No dia 30 de dezembro de 2025, o jornalista Miguel do Rosário publicou o artigo A democracia, os heróis e o bom jornalismo. O texto é uma peça primorosa de contorcionismo retórico, onde o autor tenta desqualificar as denúncias contra o ministro Alexandre de Moraes rotulando-as como “inverossímeis” e “sem pé nem cabeça”. Rosário assume abertamente o papel de relações-públicas do STF, pregando que a sociedade deve “gratidão” a um magistrado que, segundo ele, provou sua coragem com louvor.

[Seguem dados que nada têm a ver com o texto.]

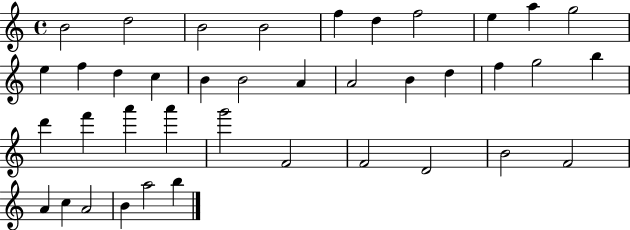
{
  \clef treble
  \time 4/4
  \defaultTimeSignature
  \key c \major
  b'2 d''2 | b'2 b'2 | f''4 d''4 f''2 | e''4 a''4 g''2 | \break e''4 f''4 d''4 c''4 | b'4 b'2 a'4 | a'2 b'4 d''4 | f''4 g''2 b''4 | \break d'''4 f'''4 a'''4 a'''4 | g'''2 f'2 | f'2 d'2 | b'2 f'2 | \break a'4 c''4 a'2 | b'4 a''2 b''4 | \bar "|."
}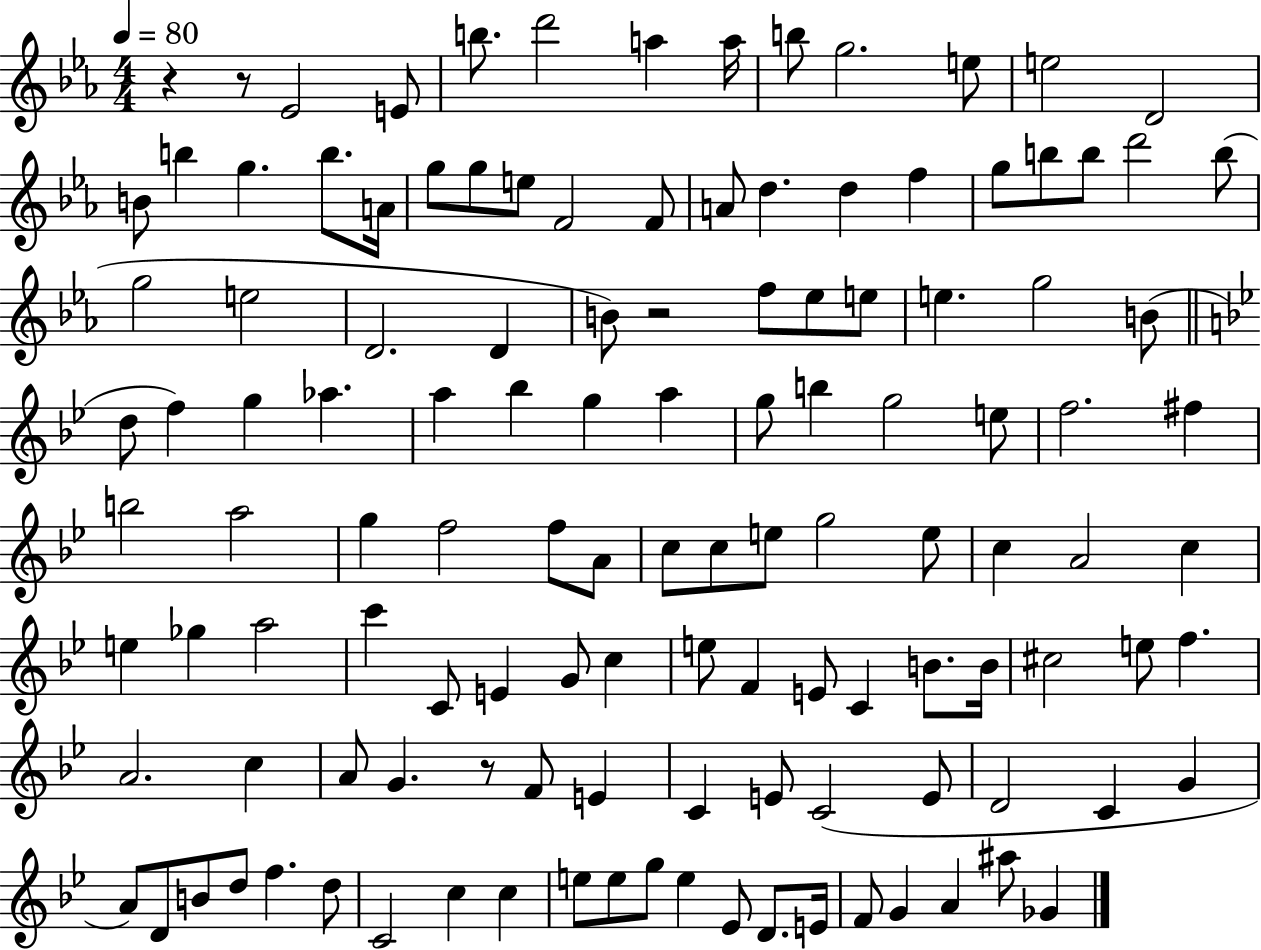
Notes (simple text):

R/q R/e Eb4/h E4/e B5/e. D6/h A5/q A5/s B5/e G5/h. E5/e E5/h D4/h B4/e B5/q G5/q. B5/e. A4/s G5/e G5/e E5/e F4/h F4/e A4/e D5/q. D5/q F5/q G5/e B5/e B5/e D6/h B5/e G5/h E5/h D4/h. D4/q B4/e R/h F5/e Eb5/e E5/e E5/q. G5/h B4/e D5/e F5/q G5/q Ab5/q. A5/q Bb5/q G5/q A5/q G5/e B5/q G5/h E5/e F5/h. F#5/q B5/h A5/h G5/q F5/h F5/e A4/e C5/e C5/e E5/e G5/h E5/e C5/q A4/h C5/q E5/q Gb5/q A5/h C6/q C4/e E4/q G4/e C5/q E5/e F4/q E4/e C4/q B4/e. B4/s C#5/h E5/e F5/q. A4/h. C5/q A4/e G4/q. R/e F4/e E4/q C4/q E4/e C4/h E4/e D4/h C4/q G4/q A4/e D4/e B4/e D5/e F5/q. D5/e C4/h C5/q C5/q E5/e E5/e G5/e E5/q Eb4/e D4/e. E4/s F4/e G4/q A4/q A#5/e Gb4/q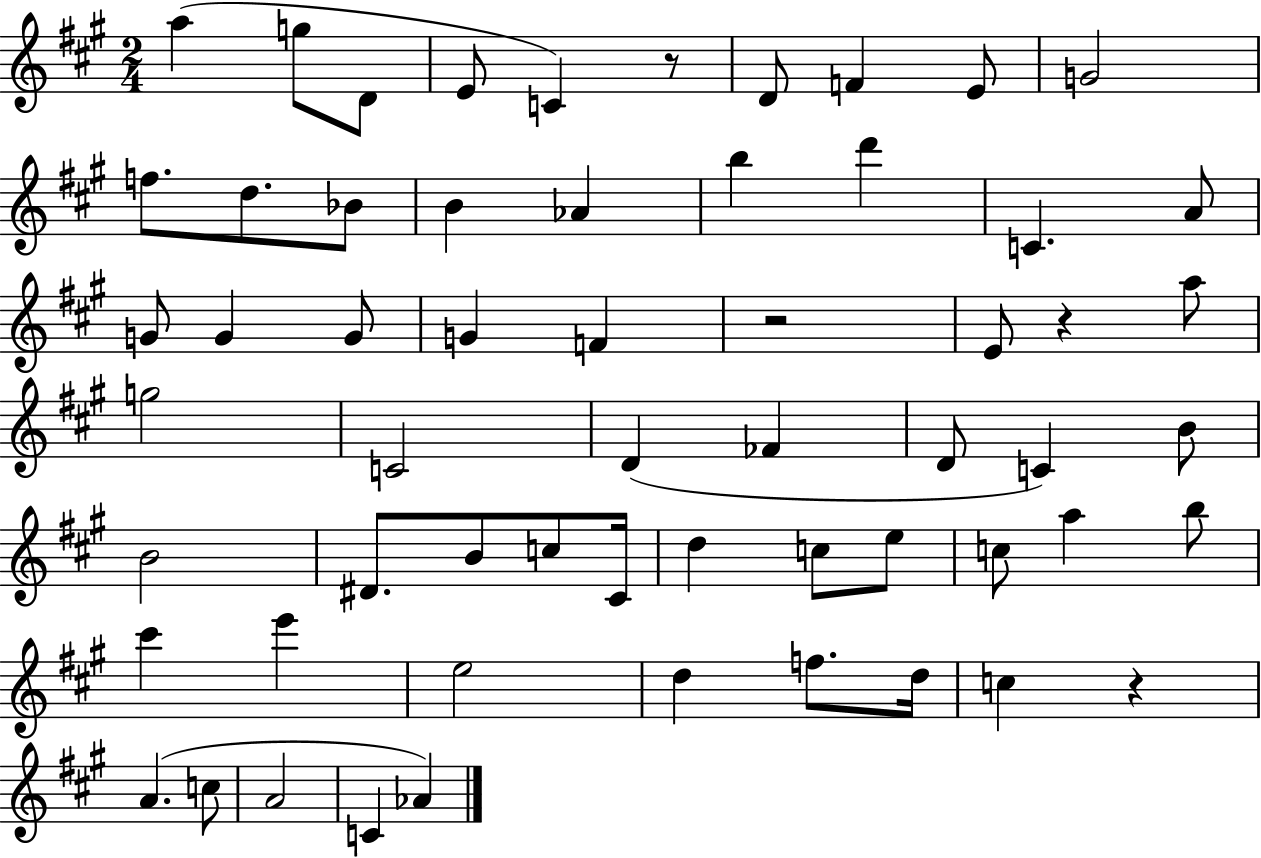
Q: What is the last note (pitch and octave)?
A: Ab4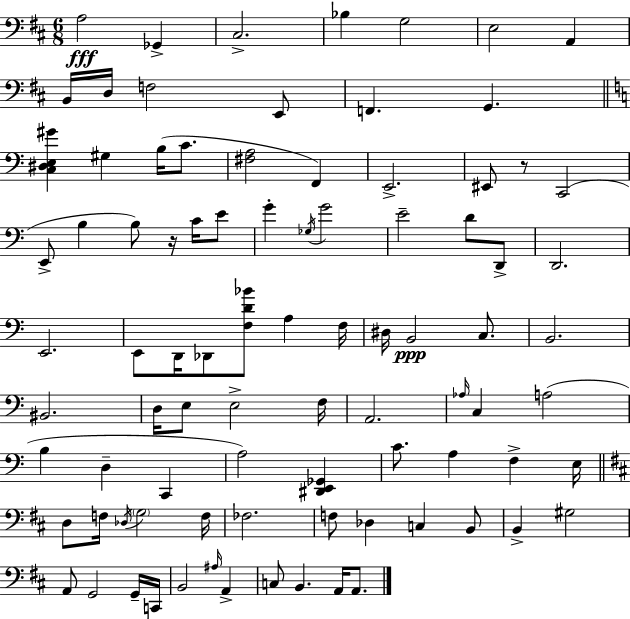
{
  \clef bass
  \numericTimeSignature
  \time 6/8
  \key d \major
  \repeat volta 2 { a2\fff ges,4-> | cis2.-> | bes4 g2 | e2 a,4 | \break b,16 d16 f2 e,8 | f,4. g,4. | \bar "||" \break \key c \major <c dis e gis'>4 gis4 b16( c'8. | <fis a>2 f,4) | e,2.-> | eis,8 r8 c,2( | \break e,8-> b4 b8) r16 c'16 e'8 | g'4-. \acciaccatura { ges16 } g'2 | e'2-- d'8 d,8-> | d,2. | \break e,2. | e,8 d,16 des,8 <f d' bes'>8 a4 | f16 dis16 b,2\ppp c8. | b,2. | \break bis,2. | d16 e8 e2-> | f16 a,2. | \grace { aes16 } c4 a2( | \break b4 d4-- c,4 | a2) <dis, e, ges,>4 | c'8. a4 f4-> | e16 \bar "||" \break \key d \major d8 f16 \acciaccatura { des16 } \parenthesize g2 | f16 fes2. | f8 des4 c4 b,8 | b,4-> gis2 | \break a,8 g,2 g,16-- | c,16 b,2 \grace { ais16 } a,4-> | c8 b,4. a,16 a,8. | } \bar "|."
}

O argumento central de Rosário é de uma ingenuidade calculada: ele questiona qual seria o poder de pressão de um ministro sobre um Banco Central “autônomo”. O autor parece ignorar propositalmente como funciona a engrenagem do poder em Brasília. A autonomia formal do Banco Central não anula o peso político de quem detém a caneta do inquérito e a chave da cela. Sugerir que Moraes não teria como influenciar Gabriel Galípolo é tratar o leitor como um idiota funcional que desconhece a rede de compadrio e pressões cruzadas que sustentam o Estado. Rosário tenta vender a imagem de um Moraes “prudente” que jamais trataria de temas escusos por telefone, esquecendo que o que está em jogo não é apenas uma conversa gravada, mas o fato material de um contrato milionário do escritório de sua esposa com o Banco Master.

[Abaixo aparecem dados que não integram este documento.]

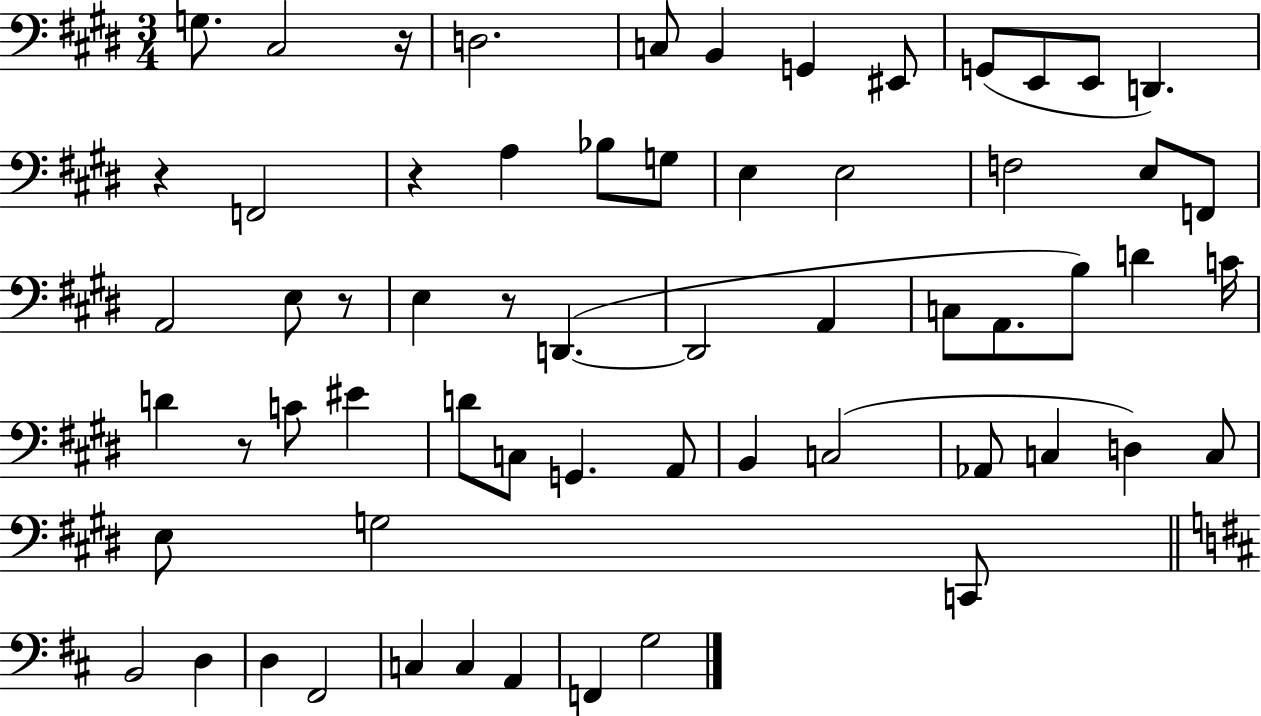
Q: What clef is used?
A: bass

A tentativa de Rosário de desqualificar a reportagem da imprensa corporativa chamando-a de “lavajatismo” é um estelionato intelectual. Há uma diferença oceânica entre a perseguição política sem provas contra Lula e a denúncia de um conflito de interesses financeiro envolvendo a família de um magistrado. Na Lava Jato, o alvo era um cidadão; aqui, o alvo é o escrutínio de um agente público poderosíssimo. Rosário admite que o contrato da esposa de Moraes “possa levantar questões éticas”, mas logo em seguida joga o fato para debaixo do tapete da “gratidão”. Para o autor, a ética é um detalhe menor diante do “serviço prestado” pelo ministro no 8 de janeiro. É a lógica perigosa do “rouba, mas faz” aplicada ao Judiciário: “é promíscuo com bancos, mas prendeu golpistas”.

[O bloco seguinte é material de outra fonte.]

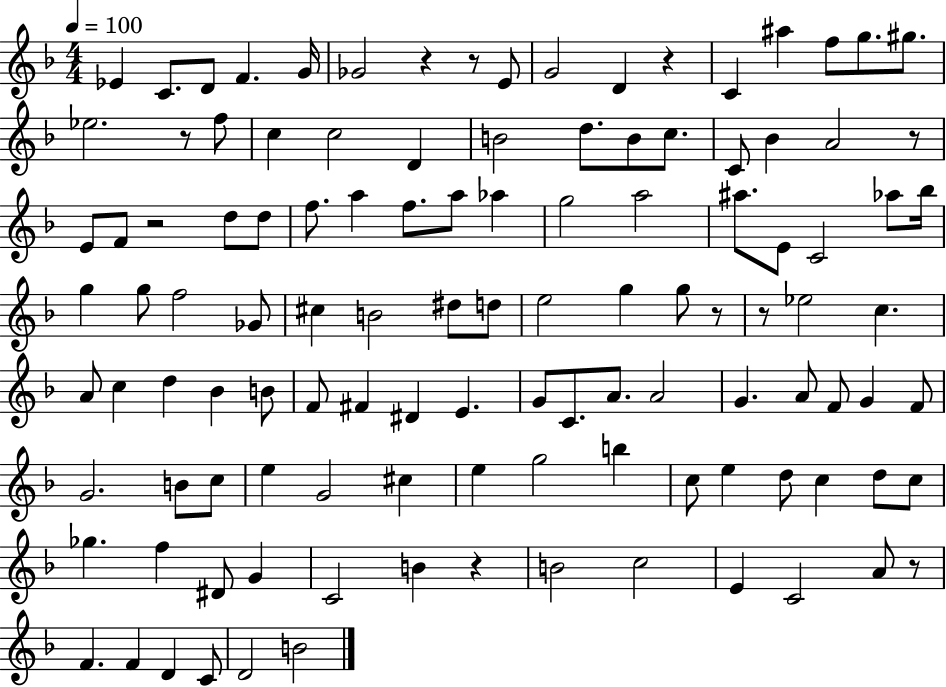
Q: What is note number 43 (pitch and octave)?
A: G5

O artigo de Miguel do Rosário termina de forma deplorável, afirmando que “gratidão faz parte da cultura política de uma democracia”. Ora, democracia não é fã-clube, nem o STF é um olimpo de deuses benevolentes. O papel do jornalismo é a desconfiança permanente, especialmente quando o poder se veste de “salvador”. Ao transformar Moraes em um herói que não pode ser questionado, Rosário presta um desserviço à inteligência nacional e se posiciona como um guarda-costas do regime. Um regime democrático não precisa de heróis ungidos pela imprensa; ela precisa de magistrados que não tenham contratos bancários em suas alcovas e de jornalistas que não tenham medo de morder a mão que os afaga.